Kendilerine has günlerinden bahsetmiyorum tabii. Kendileri olmaya devam etmeleri gereken, hatta bunu extrem koşullarda yaptıkları günleri söylüyorum. Gerçi soruyu yanıtlamak çok haddime değil. Hala sadece bir oğulum. Fakat baba olmada anneliğe de başka şeylere benzemeyen şeyler olduğunu düşünmek zor değil.

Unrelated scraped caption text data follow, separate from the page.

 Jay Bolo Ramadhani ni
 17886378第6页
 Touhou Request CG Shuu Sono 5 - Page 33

Des Vents Contraires (Ters Rüzgarlar) haftanın yenisi bir Fransız filmi. Bir adamın, hayatında esmeye başlayan iki yeni rüzgarla yolalma çabalarını anlatıyor. Paul (Benoit Magimel) bir baba ve bir yazar, anladığımız kadarıyla en verimli döneminde de değil. Bir sabah karısı Clement’le (Audrey Tatou) yaptıkları (ve galiba rutin olan) tartışmanın herşeyi değiştireceğinden habersiz. Doktor olan Clement Paul’den çocuklarla iligli daha çok sorumluluk yüklenmesini ister, daha fazlasını kaldıramayacağını söyler. Sonra Clement ortadan kaybolur. Paul’ün onu arama girişimi sonuç vermez. Artık Paul tek başına bir ebeveyn ve tümden değişen hayatına çözümler bulması gereken bir adamdır. “Çok daha” baba olmak yetmeyecektir ona. Ağabeyinin davetiyle doğup büyüdüğü yerlere dönmek, başka işler de denemek zorunda kalır.

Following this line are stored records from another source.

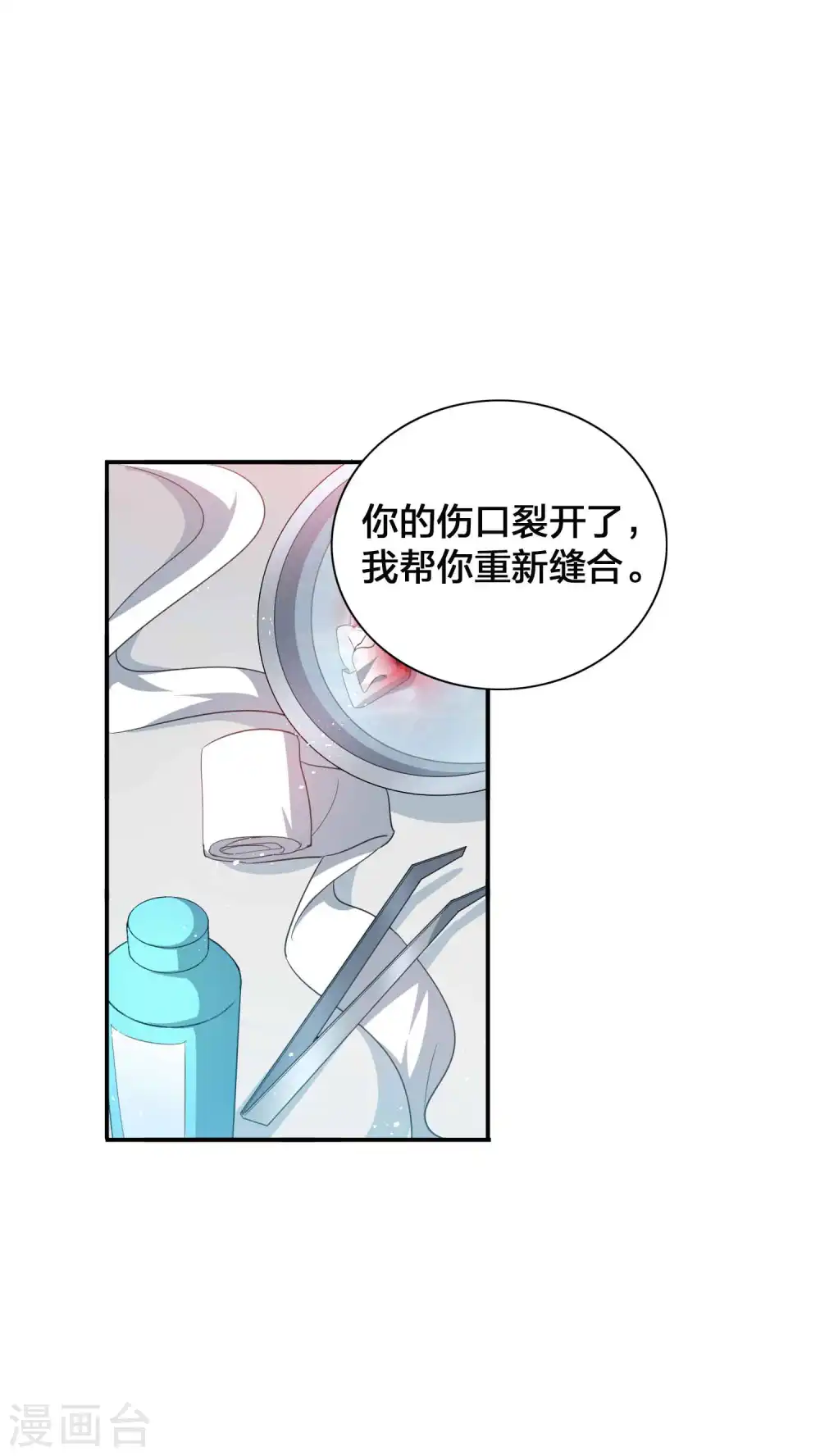 假戏真做春日负暄免费阅读漫画,第115话 医生和杀手21图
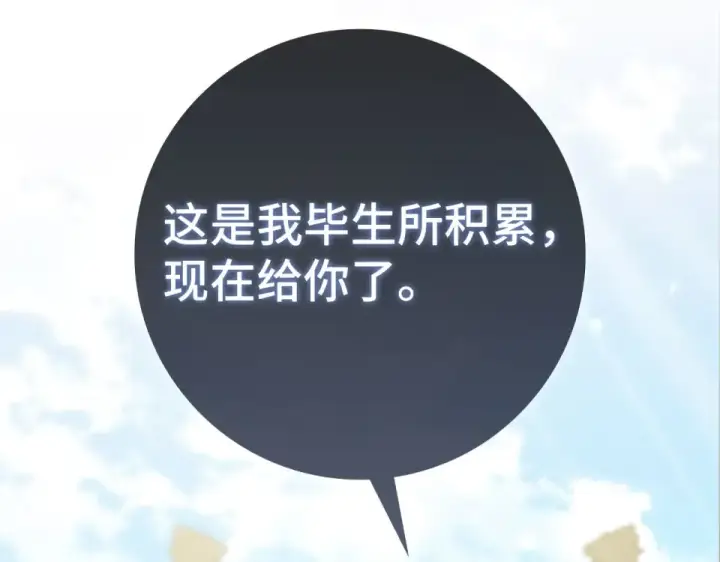 漫画《练级20年，出门就是满级反派》第130话 败！删除角色？第148张图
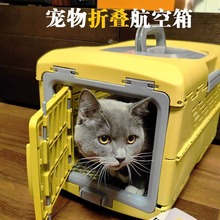 折叠宠物航空箱猫包便携外出猫咪狗狗托运箱笼子小中型犬车载箱子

Filmde memleket Paul için de benzer anlamlar taşıyor. Girdisi çıktısı belli sokaklar, “öyle” kokan bir gökyüzü ve iki yüzü keskin hesaplaşmalar. Yeni hayatına adaptasyon sürecini Paul, oğluyla görüşmesi yasak bir başka baba ile ilişkisinde, ve geçmişte kendi babasına tavırlarından şikayetçi ağabeyiyle tartışmalarında yeniden yeniden işlemekle karşı karşıyadır.
“Ters Rüzgarlar” Olivier Adan’ın aynı adlı romanının bir adaptasyonu. Jalil Jespert yönetmiş ve senaryo yazımına Olivier Adan ve Marion Laine ile birlikte dahil olmuş. Filmin klasik Fransız drama izleklerine sadık olduğunu belirtmek lazım. Bizatihi olaylara odaklanmaktan çok, onlardan arta kalan ya da onları önceleyen şeylerin duygularıyla ilgileniyor film. Karakterleri öngörülebilir mantıklarda sergilemeyen, onların saçma, şaşırtıcı, hüzün ve heyecan verici yanlarına yer açan bir tarz bu. Ayrıca sert tartışmalar ve bağırış çağırışlara gizlenen hassasiyetler... Bence Fransız sinemasının en güçlü yanları bunlar ve Ters Rüzgarlar’da da etkisini hissettiriyor.Benoit Magimel iyi bir oyuncu, ağabeyini oynayan Anoine Dulery’nin en az onunki kadar büyük desteği Ters Rüzgarlar’ı destekliyor.
Bir baba bir kaptandır ne de olsa, Paul’ün, arkadan esmeyen rüzgarlarla yaptığı seyir beyaz perdede.